Hendri mengemudikan mobil dengan kecepatan sedang. Pemandangan macet setiap pagi begini adalah hal biasa yang terjadi di ibu kota. Sudah menjadi menu utama yang tidak bisa dihindari lagi.
Hendri melihat sejenak Reina dari balik kaca mobilnya. Perempuan yang sudah nampak semakin dewasa, yang kini duduk di kursi belakang. Tengah fokus menatap tablet yang ada di pegangan tangannya.
Sedangkan disampingnya ada Zen. Anak bosnya ini sejak tadi juga tengah asik dengan ponsel Reina. Sudah dapat ditebak apa yang dilakukan bocah itu. Benar, Zen tengah bermain Game sambil menunggu mobil sampai didepan sekolahnya.
Mereka semua langsung keluar dari dalam mobil, setelah mobil berhenti didepan gerbang sekolahan Zen.
Zen menghela nafas. Melihat sebelah kiri dan kanannya ada Hendri dan Reina.
"Zen sebenarnya bingung." Ucap Zen mulai drama. Bocah kecil satu ini memang terkadang sok dewasa dengan gayanya sendiri.
"Bingung kenapa dek?" Tanya Reina menatap adiknya yang masih pendek.

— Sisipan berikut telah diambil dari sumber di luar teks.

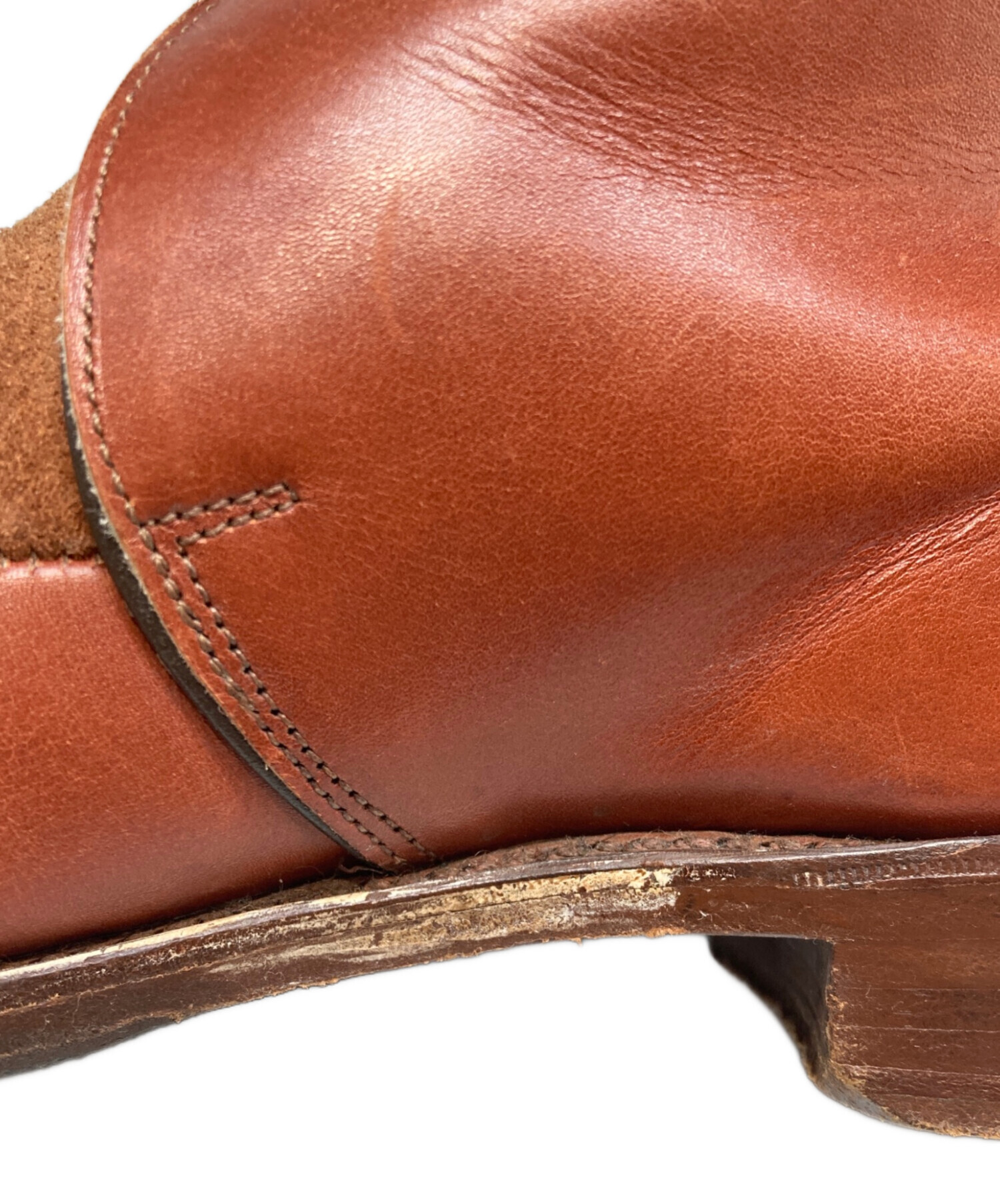 中古・古着通販】Tricker's (トリッカーズ) JACK COLLECTION 異素材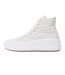Baskets Montantes Chuck Taylor Femme Gris Converse-2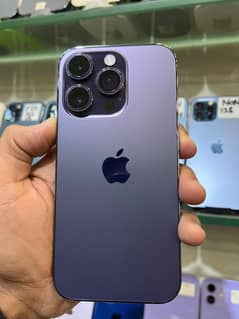 iPhone 14 Pro PTA OFFICIAL APPROVED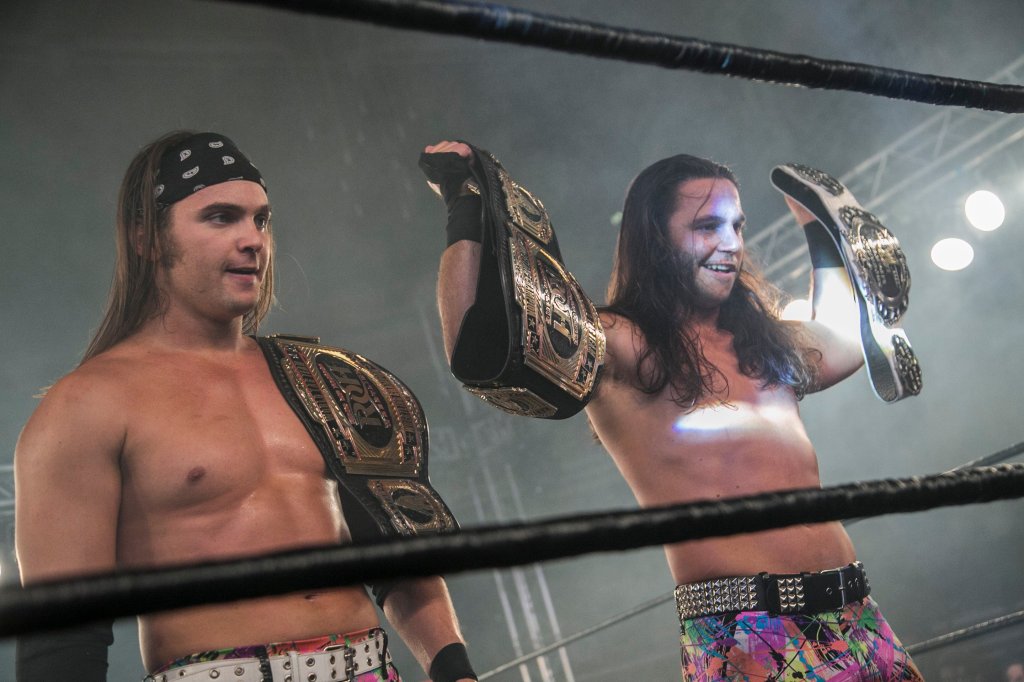 The Young Bucks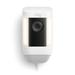 Ring LED Video Enabled Outdoor Security Spot Light w/ Motion Sensor in White | Wayfair B09DRK9ZJ8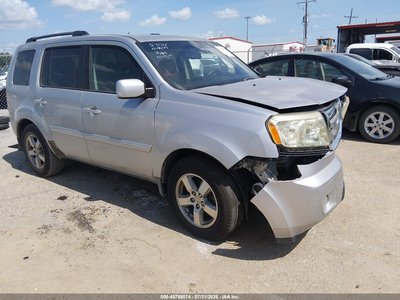 5FNYF3H50AB****** 2010 Honda Pilot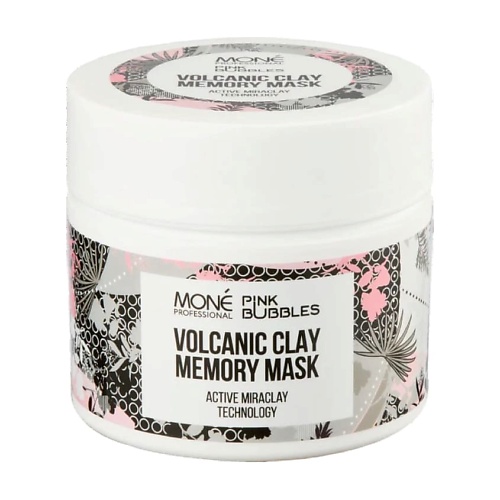 MONE PROFESSIONAL Моделирующая маска для волос с вулканической глиной Pink Bubbles Volcanic Clay Memory Mask, Моделирующая маска для волос с вулканической глиной Pink Bubbles Volcanic Clay Memory Mask
MONE PROFESSIONAL Моделирующая маска для волос с вулканической глиной Pink Bubbles Volcanic Clay Memory Mask, Моделирующая маска для волос с вулканической глиной Pink Bubbles Volcanic Clay Memory Mask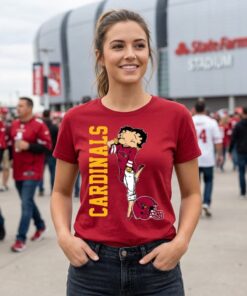 BB Arizona Cardinals Unisex Shirt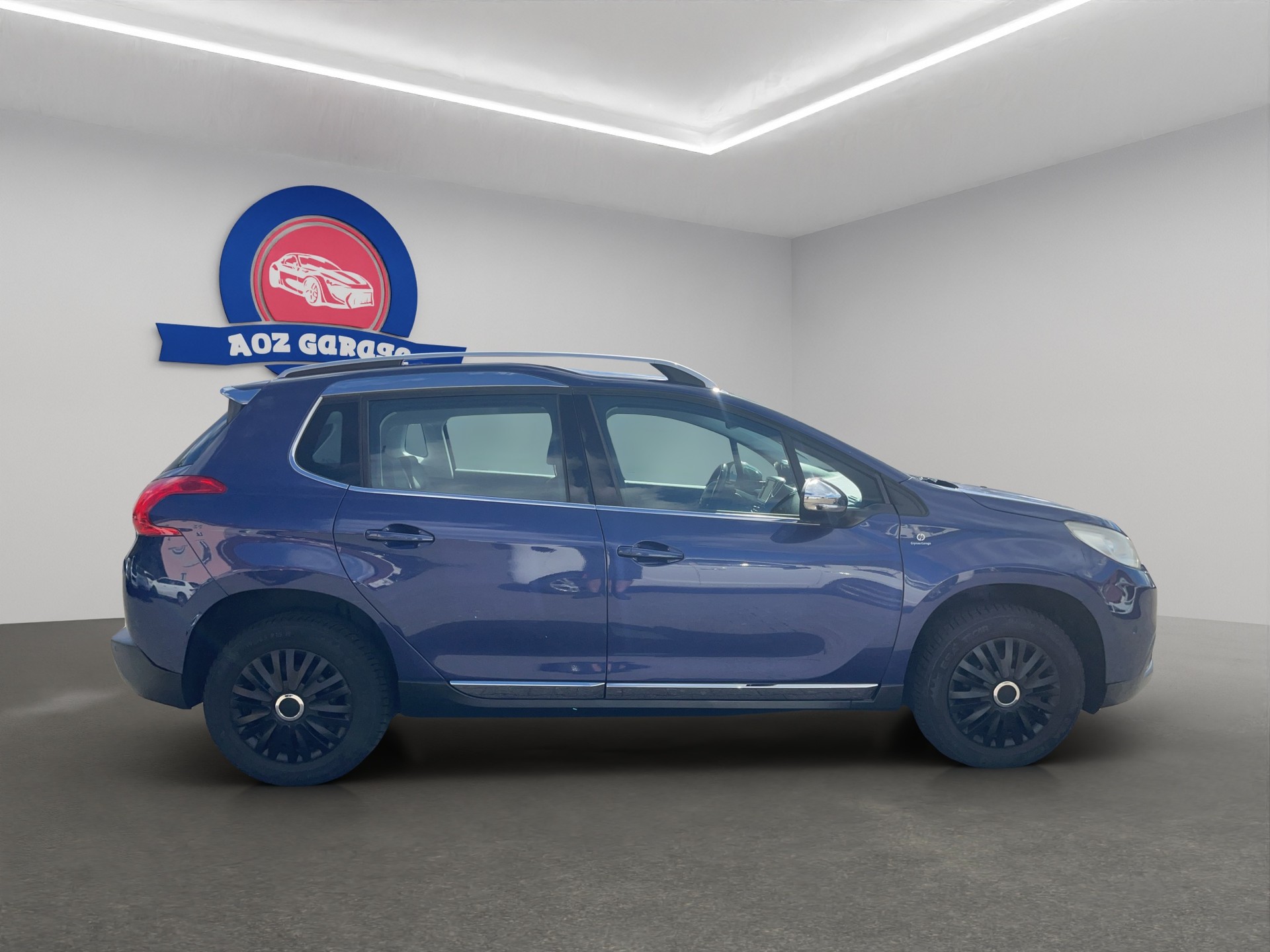 PEUGEOT 2008 1.2 PureTech Féline-image-7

"Sebenarnya orang tua Zen itu siapa?"
Hendri mulai tersenyum mendengar pertanyaan Zen yang pasti ada saja drama setiap harinya.
"Ya ayah sama Nda lah dek. Siapa lagi coba?" Reina masih menjawab santai.
"Apa mungkin Zen anak pungut ya kak Re. Kenapa Zen selalu saja sekolah di antar kak Re akhir-akhir ini." Keluh Zen kemudian bernafas sok frustasi.
Reina yang gemes sama adiknya yang suka ngedrama ini langsung menggosek kepala Zen. Rasanya ingin ia uyel-uyel rambut Zen, kalau saja bukan waktunya sekolah.
"Sakit kak Re." Ucap Zen sambil mengusap rambutnya. "Rusak loh nanti rambut Zen yang sudah rapih ini."
"Nggak usah drama ya dek. Semalam kan kamu sendiri yang ingin kakak antar sekolah. Sudah sana cepat masuk." Perintah Reina.
Semenjak Reina tinggal di Jakarta. Zen memang lebih manja padanya. Untung adik satu-satunya, jadi walau terkadang suka ngeselin. Tentu Reina sangat menyayangi Zen.
Zen langsung mencium punggung tangan Reina dan Hendri bergantian. Bocah tampan itu langsung lari setelah mengucap salam. Reina tersenyum melihat adiknya yang lari dengan langkah kecilnya. Adik satu-satunya yang sangat ia banggakan. Bangga dong, orang adiknya good looking free pintar kebangetan.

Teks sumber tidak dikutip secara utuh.